Site Reliability Engineer – Platform Foundation
Salary: 600 - 1200 百万円
AWSKubernetes
English: Fluent
Minimum year of experience: 3
Sales MarkerSite Reliability Engineer
Contract Type: Full-time Employee
Salary Range: 6,000,000 ~ 12,000,000 JPY
The Team
- Global and Diverse: Product & Engineering team from 24+ countries, with backgrounds at tech leaders including Google, Microsoft, Indeed, Mercari, LINE, Yahoo, and SmartNews.
- Recognized Leadership: Co-founders featured on the Forbes 30 Under 30 Asia List (2023).
- Engineering Culture:
- Customer Obsession: Solve real problems, exceed expectations
- Ownership: End-to-end responsibility
- 10x Mindset: Aim for bold impact, move fast, disrupt old standards
The Role
Join the Common Foundation team to empower product engineering with scalable, reliable, and reusable systems. Focus areas include reliability, performance, security, and developer productivity across cloud infrastructure and Kubernetes. Responsibilities include designing and operating AWS and Kubernetes environments, leading reliability initiatives, and collaborating to embed best practices.
Responsibilities
- Operate and improve the Kubernetes platform (EKS): cluster lifecycle, upgrades, scaling, networking, multi-tenant isolation.
- Design, provision, and manage AWS infrastructure (VPC, RDS/Aurora, OpenSearch, S3, SQS, Lambda, API Gateway, Batch, Glue) focusing on security, reliability, and developer experience.
- Build infrastructure as code with Terraform and AWS CDK. Establish standards for modules, environments, and change management via GitOps.
- Drive observability: metrics, logs, traces, SLOs, error budgets, actionable dashboards and alerts using Datadog.
- Partner with backend engineers to improve service reliability, performance, and cost efficiency; champion best practices in testing, rollout, and production readiness.
- Automate operations and repetitive tasks using tooling and pipelines. Reduce MTTR with better runbooks, diagnostics, and incident tools.
- Lead incident response and post-incident reviews.

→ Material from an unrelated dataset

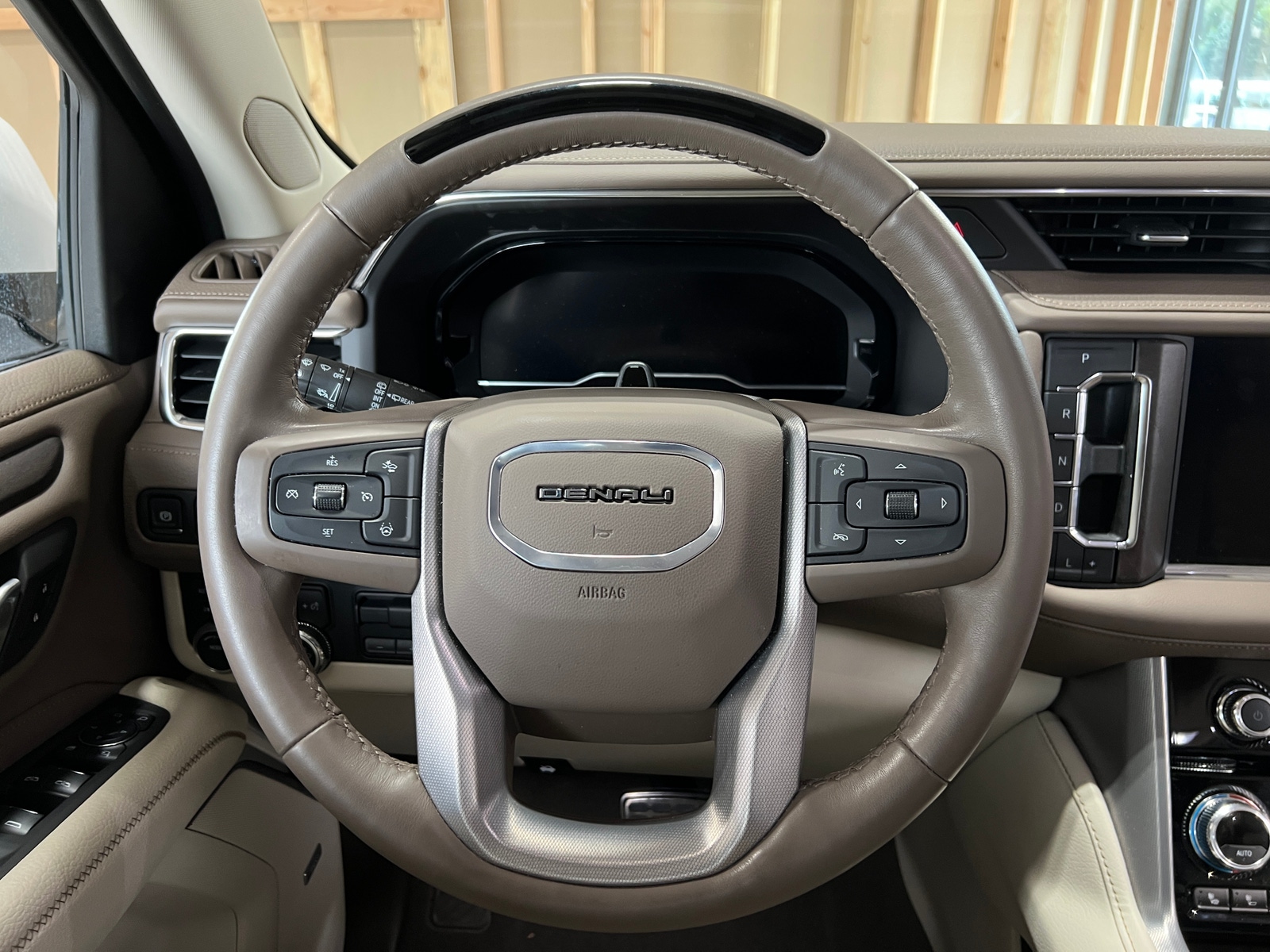 Thumbnail: 2024 GMC Yukon XL - 4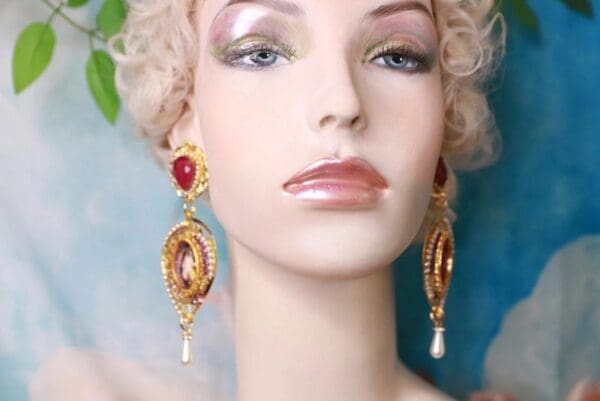 10238 Renaissance Cameo Elegant Earrings Studs - Image 4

Raise the operational bar via blameless retros, remediation plans, and reliability roadmaps.
- Strengthen platform security with identity/access control, secrets management, network policies, patching, and vulnerability management.
- Support data workloads and pipelines with robust, scalable infrastructure and monitoring.
- Contribute to documentation, paved paths, and self-service developer workflows.
What We're Looking For
Required
- 3+ years in SRE, Platform, or Infrastructure Engineering with production ownership of cloud-native systems.
- Strong experience running Kubernetes in production (upgrades, scaling, workload reliability).
- Deep hands-on expertise with AWS services (networking, compute, storage, databases, messaging) and secure-by-default architectures.
- Proficiency with IaC (Terraform and/or AWS CDK), modularization, and environment management.
- Solid observability fundamentals: metrics, logging, tracing, SLOs/error budgets, actionable alerting.
- Proven track record of improving reliability, performance, and developer experience in partnership with application teams.
- Experience in incident response and driving post-incident improvements.
Nice to Haves
- Experience with identity and access management patterns, Cognito, JWT, and service-to-service authentication.
- Background in multi-tenant architectures, capacity planning, and cost optimization.
- History of handling major incidents at scale and building tooling to reduce MTTR/MTTD.
- Contributions to internal developer platforms, golden paths, or shared libraries.
- Fluency in English or Japanese.
Tech Stack
Front-end
- TypeScript, React, NextJS
- Testing: Storybook, jest, playwright
- Hosting: Amplify
- Feature flag: Unleash
Server Side / Back-End
- Infrastructure: AWS, EKS, ElasticBeanstalk
- Databases: Aurora, ElasticSearch, Redis
- Languages: Go, TypeScript
- Analytics: Athena, Superset
- Monitoring: DataDog
- Others: AWS Lambda, AWS Batch, AWS API Gateway, AWS Glue, AWS S3
Why Us?
- Fast-growing SaaS startup with strong financial growth
- Opportunity for innovative new product development and to build from scratch
- Leadership and career development opportunities
- Hybrid work environment & fully flexible schedules
- Global team; English-speaking work environment
- Benefits & perks (Resort Worx, purchasing books, free weekly lunch, offsites, etc.)
Working Style
- Hybrid Work: Combination of office and remote work; communication via Zoom, Google Meet, Gather.
- Flex Work: Customizable working hours; business/client-facing schedules arranged for meetings.
- Global Environment: 20+ nationalities; diverse, inclusive, English/Japanese speaking workplace.